### Dataset
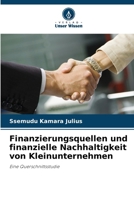 Finanzierungsquellen und finanzielle Nachhaltigkeit von Kleinunternehmen 6207302737 Book Cover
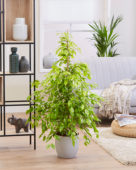 Ficus benjamina Reginald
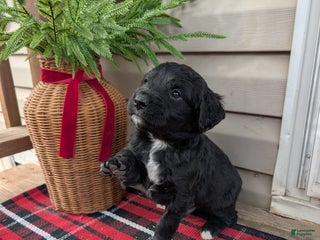 Mixed Breed dogs Reese - Ad 9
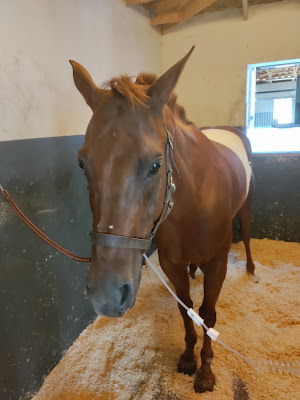 Clinique équine de Provence / Haras de la Trévaresse à Saint-Cannat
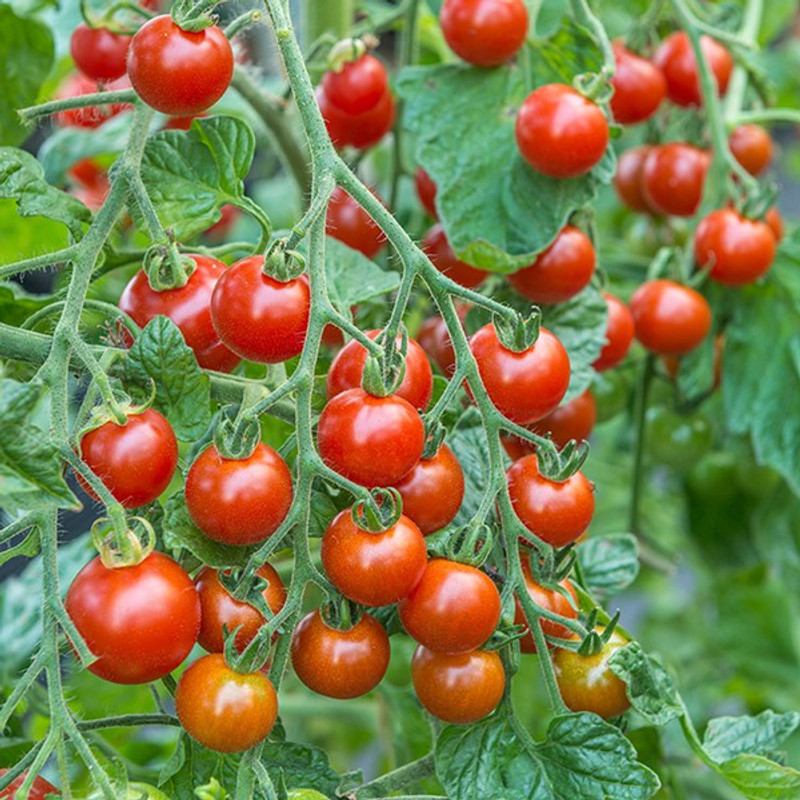 vidishas horticulture 50pcs TOMATO CHERRY Seed(50 per packet)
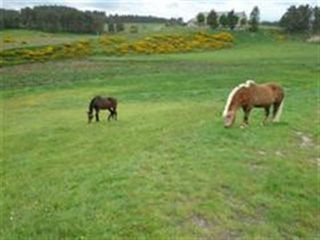 La retraite de votre cheval en Lozère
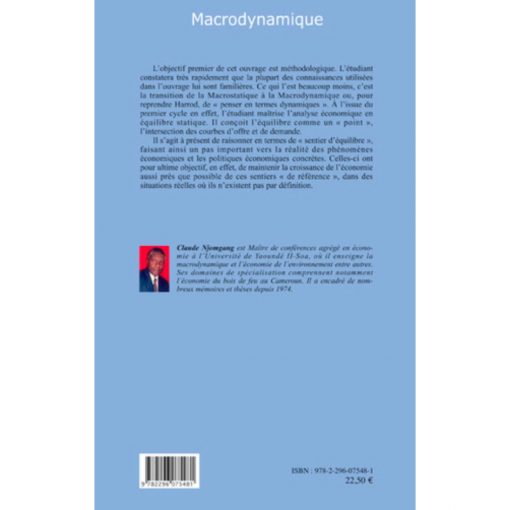 MACRODYNAMIQUE, Claude Njomgang 2009 – Image 2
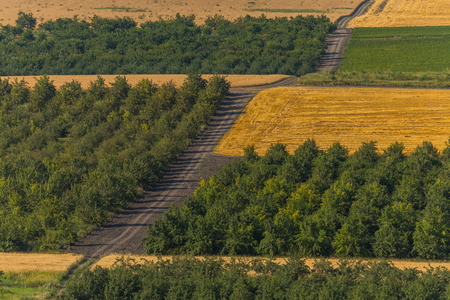 Green fields. Agricultural landscape. Harvest. South of Russia. Geometry of fields. travel, field,...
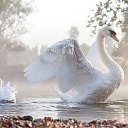  Lady!,  -  16  2017   cveti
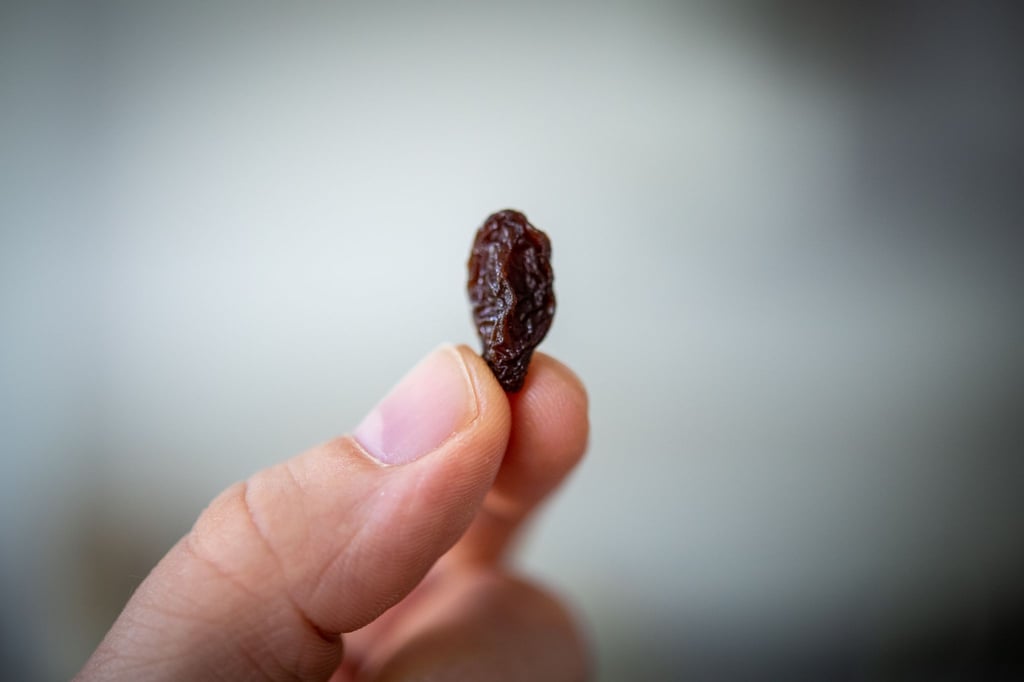 „Öko-Test“ hat 24 Rosinenmarken überprüft und festgestellt, dass die meisten von ihnen Pestizide, Schimmelpilzgifte oder Keime enthalten.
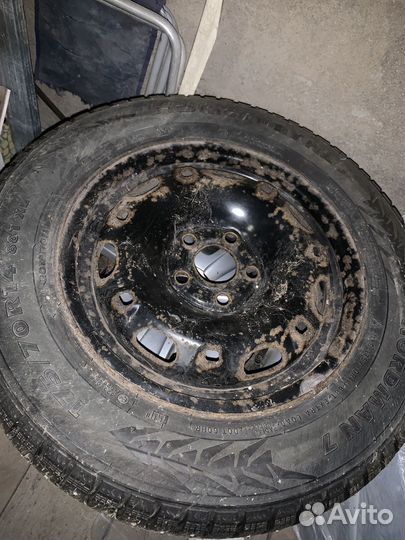 Nokian Tyres Nordman 7 175/70 R14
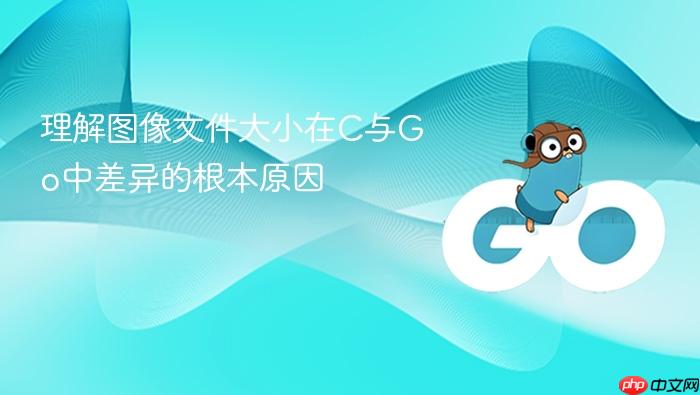 理解图像文件大小在C与Go中差异的根本原因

### Work request
Once the pictures are removed, repeat all of the data above exactly.

### Task result
 Finanzierungsquellen und finanzielle Nachhaltigkeit von Kleinunternehmen 6207302737 Book Cover
 Ficus benjamina Reginald
 Mixed Breed dogs Reese - Ad 9
 Clinique équine de Provence / Haras de la Trévaresse à Saint-Cannat
 vidishas horticulture 50pcs TOMATO CHERRY Seed(50 per packet)
 La retraite de votre cheval en Lozère
 MACRODYNAMIQUE, Claude Njomgang 2009 – Image 2
 Green fields. Agricultural landscape. Harvest. South of Russia. Geometry of fields. travel, field,...
  Lady!,  -  16  2017   cveti
 „Öko-Test“ hat 24 Rosinenmarken überprüft und festgestellt, dass die meisten von ihnen Pestizide, Schimmelpilzgifte oder Keime enthalten.
 Nokian Tyres Nordman 7 175/70 R14
 理解图像文件大小在C与Go中差异的根本原因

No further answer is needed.